→ **EXERCISE**: Please give the entries below again exactly, omitting every picture.

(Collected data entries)
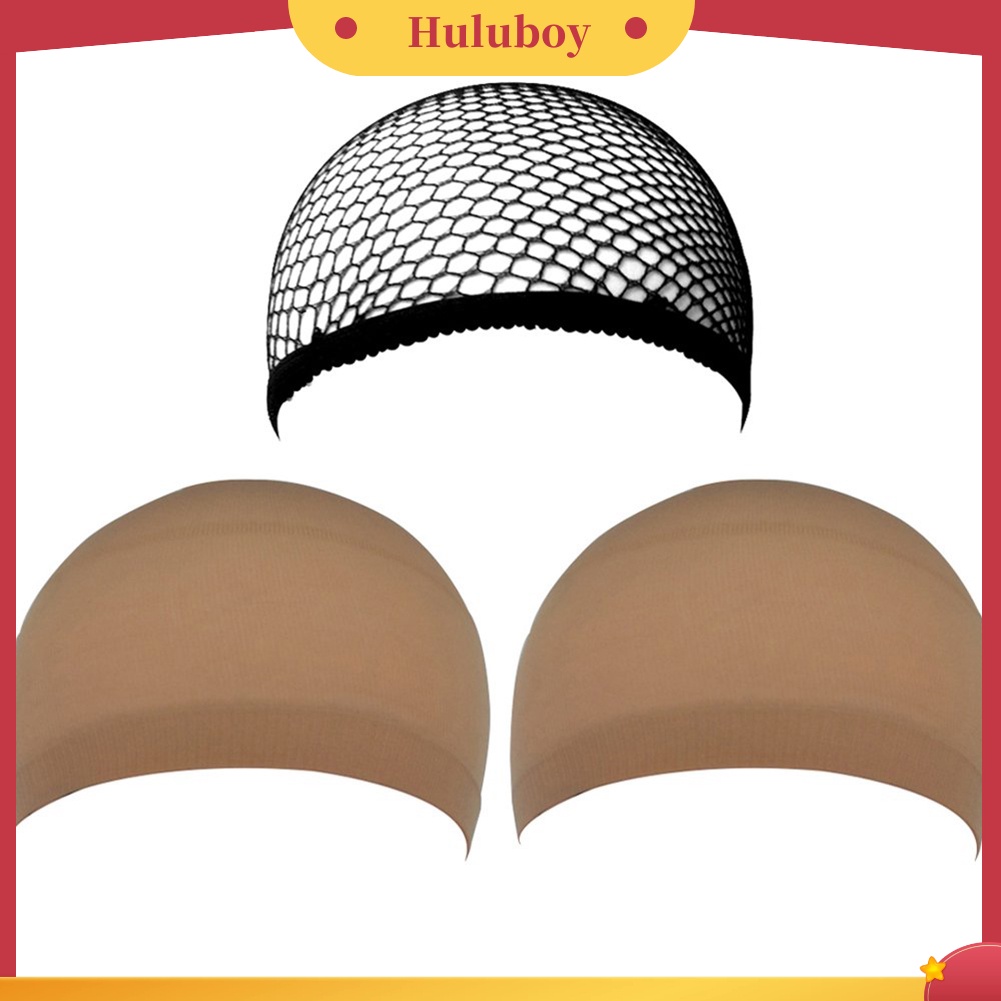 3 Pcs Topi Stocking Jaring Rambut Palsu Bahan Nilon Elastisitas Tinggi Untuk Wanita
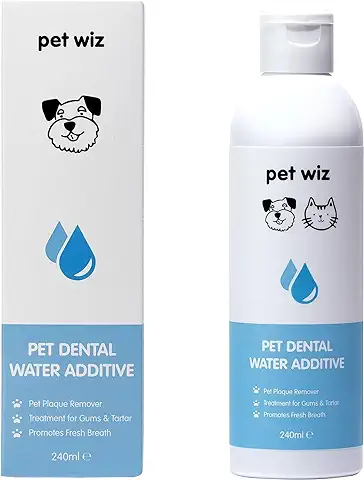 Pet wiz Aditivo Dental para agua para Perros y Gatos – Removedor de Placa, Tratamiento para Encías y Sarro, Promueve el Aliento Fresco (240 ml)  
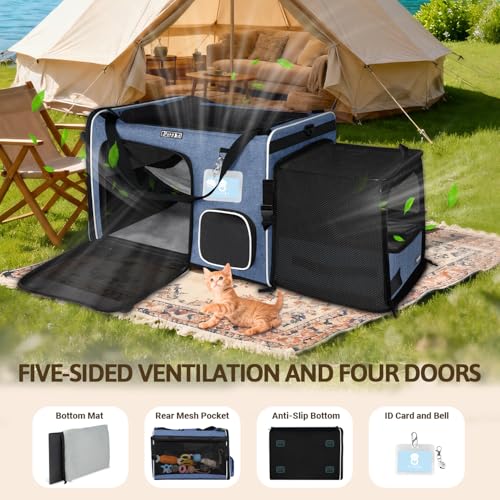 Side Expandable Extra Large Cat Carrier with Litter Box, Blue | 24"L x 17"W x 17"H, Privacy Curtain and Lockable Safety Zippers, for Long Distance Car Travel, Cats Under 55 lbs - color: blue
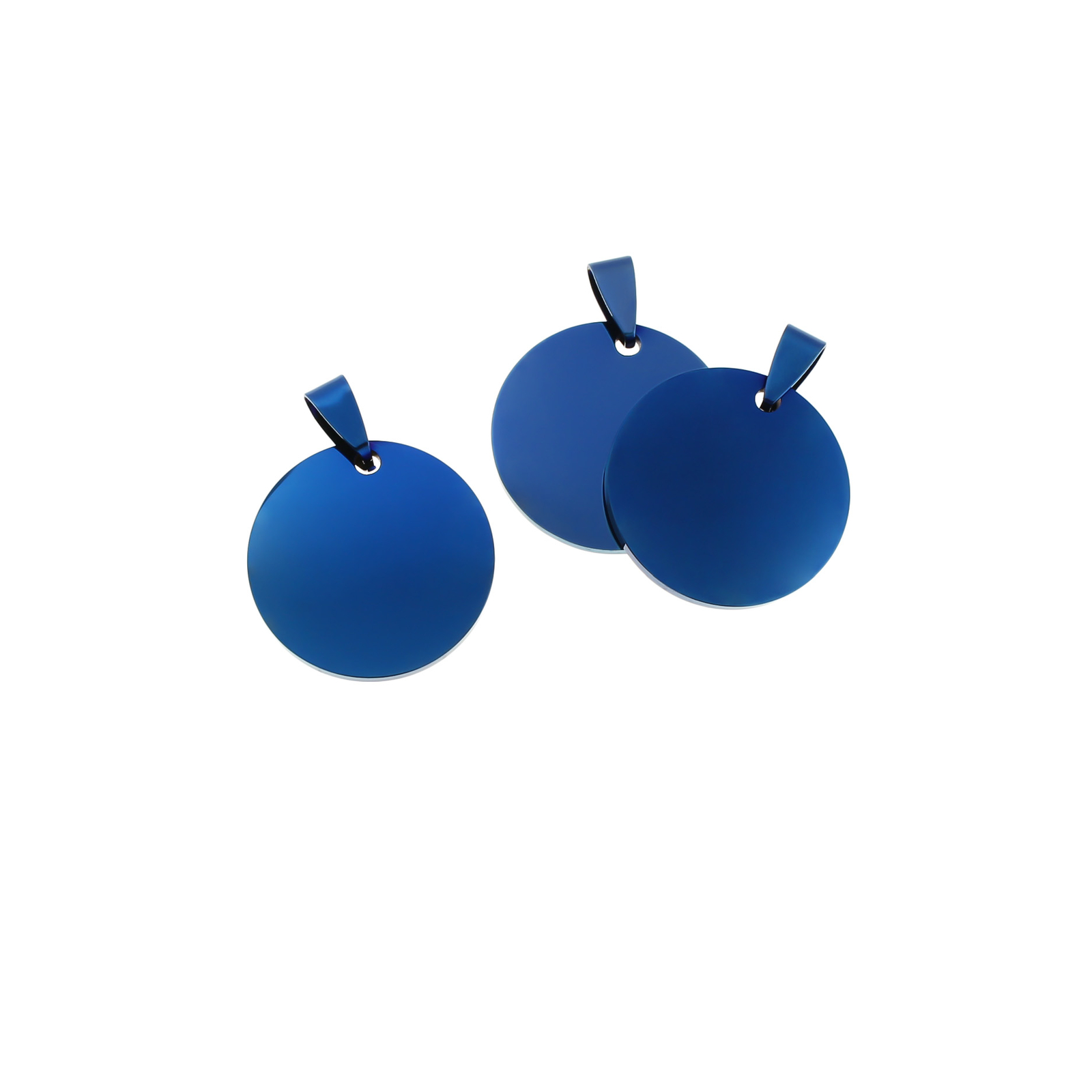 Circle Stamping Blanks - Blue Tone Stainless Steel - 25mm - 1 Tag - MT729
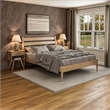 Mid-Century Modern Platform Bed - Light Oak Finish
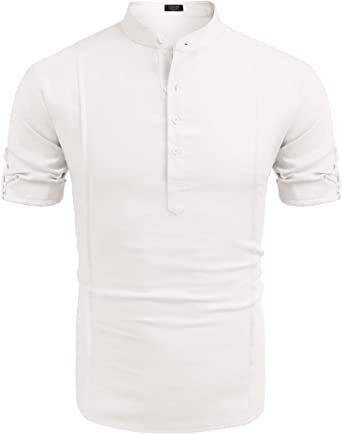 Henley Style Linen Shirt Men Casual Beach Short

→ **YOUR SOLUTION**:
 3 Pcs Topi Stocking Jaring Rambut Palsu Bahan Nilon Elastisitas Tinggi Untuk Wanita
 Pet wiz Aditivo Dental para agua para Perros y Gatos – Removedor de Placa, Tratamiento para Encías y Sarro, Promueve el Aliento Fresco (240 ml)  
 Side Expandable Extra Large Cat Carrier with Litter Box, Blue | 24"L x 17"W x 17"H, Privacy Curtain and Lockable Safety Zippers, for Long Distance Car Travel, Cats Under 55 lbs - color: blue
 Circle Stamping Blanks - Blue Tone Stainless Steel - 25mm - 1 Tag - MT729
 Mid-Century Modern Platform Bed - Light Oak Finish
 Henley Style Linen Shirt Men Casual Beach Short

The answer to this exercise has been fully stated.